→ **ACTIVITY**
I'd like the listing below copied exactly, with the images left out.

→ **DATA TO USE**
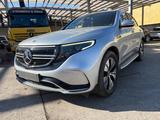 Mercedes-Benz EQC EQC 400 4Matic AMG  LINE 181 - silberne Mercedes-Benz EQC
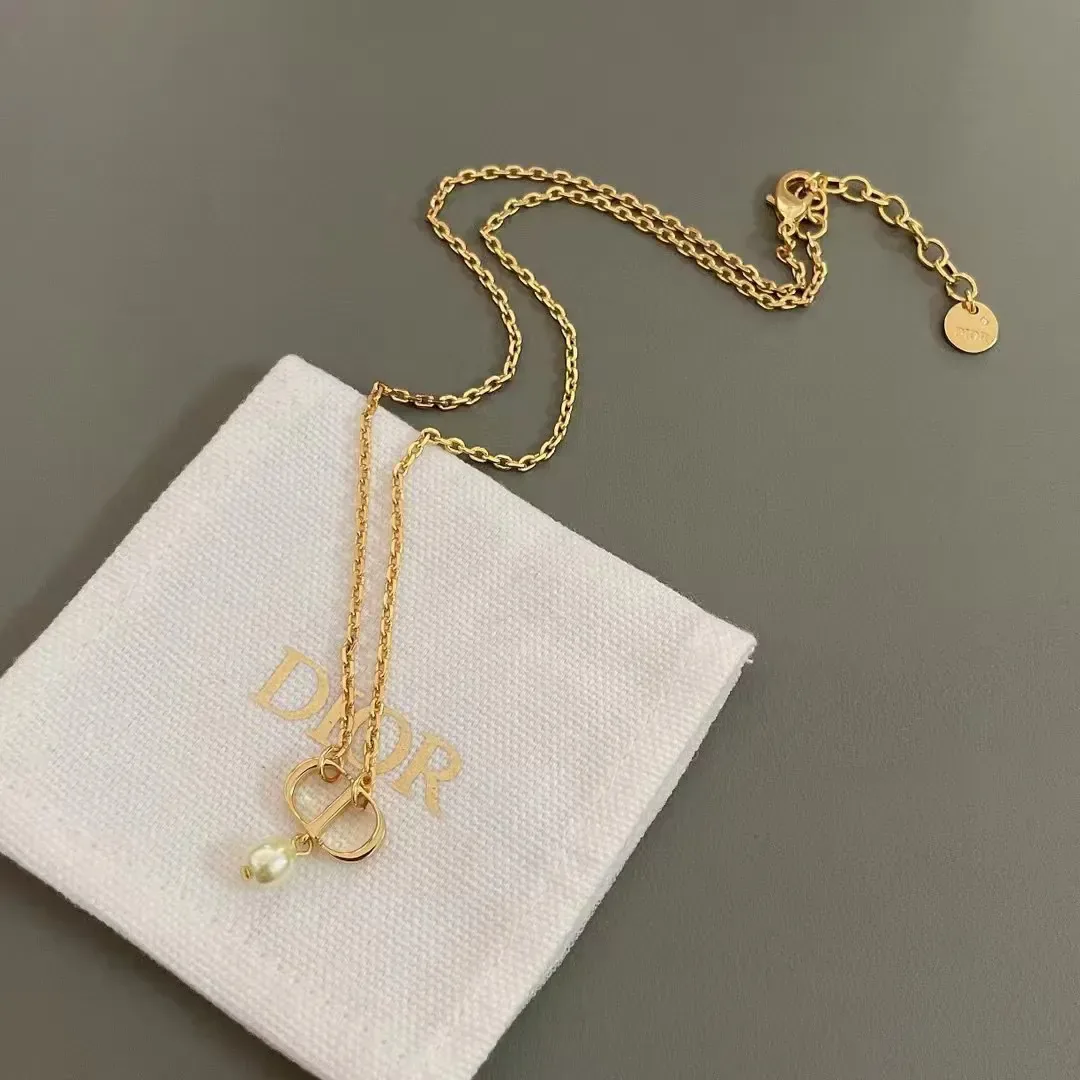 Gold Pearl Necklace And Bracelet — photo 3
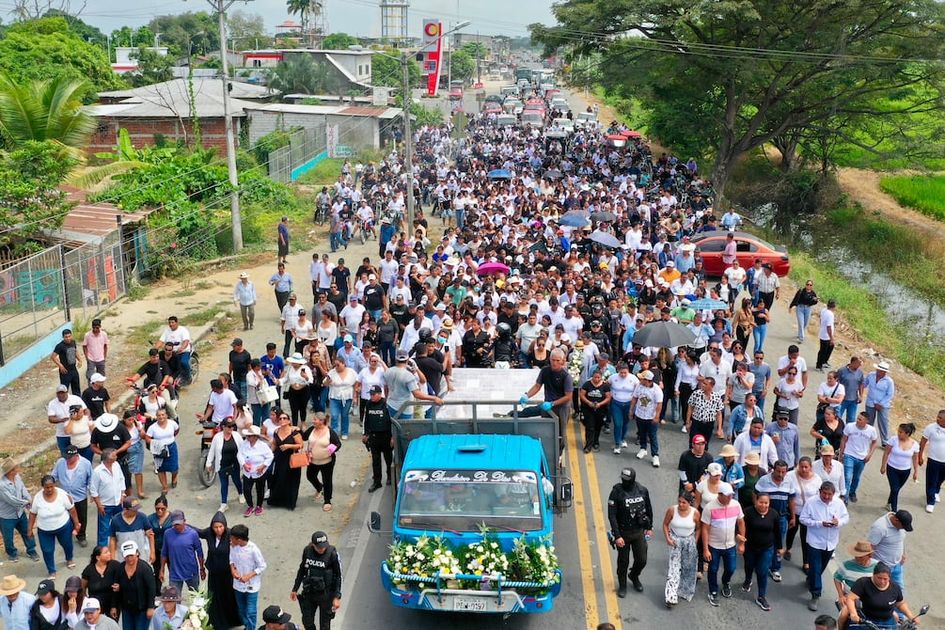 Daule sepultó a ocho jóvenes asesinados con una emotiva despedida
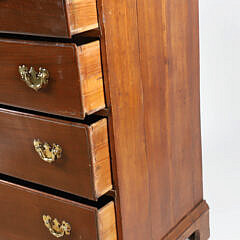 American Chippendale Walnut Chest of Drawers, circa 1800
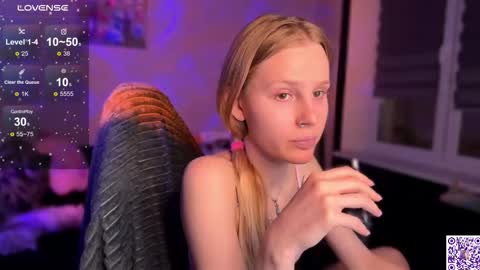 Snapshot of lunacyy chatting on November 2025 05:35:02 PM Britney online show from November 2025 05:35:02 PM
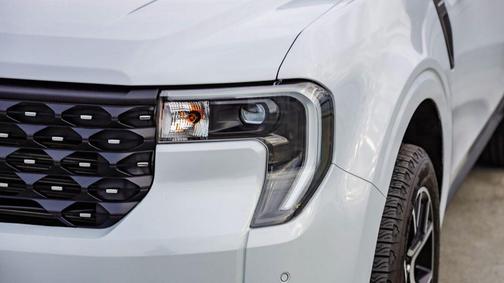 SPACE WHITE METALLIC 2025 Ford Maverick Lariat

→ **OUTPUT**
 Mercedes-Benz EQC EQC 400 4Matic AMG  LINE 181 - silberne Mercedes-Benz EQC
 Gold Pearl Necklace And Bracelet — photo 3
 Daule sepultó a ocho jóvenes asesinados con una emotiva despedida
 American Chippendale Walnut Chest of Drawers, circa 1800
 Snapshot of lunacyy chatting on November 2025 05:35:02 PM Britney online show from November 2025 05:35:02 PM
 SPACE WHITE METALLIC 2025 Ford Maverick Lariat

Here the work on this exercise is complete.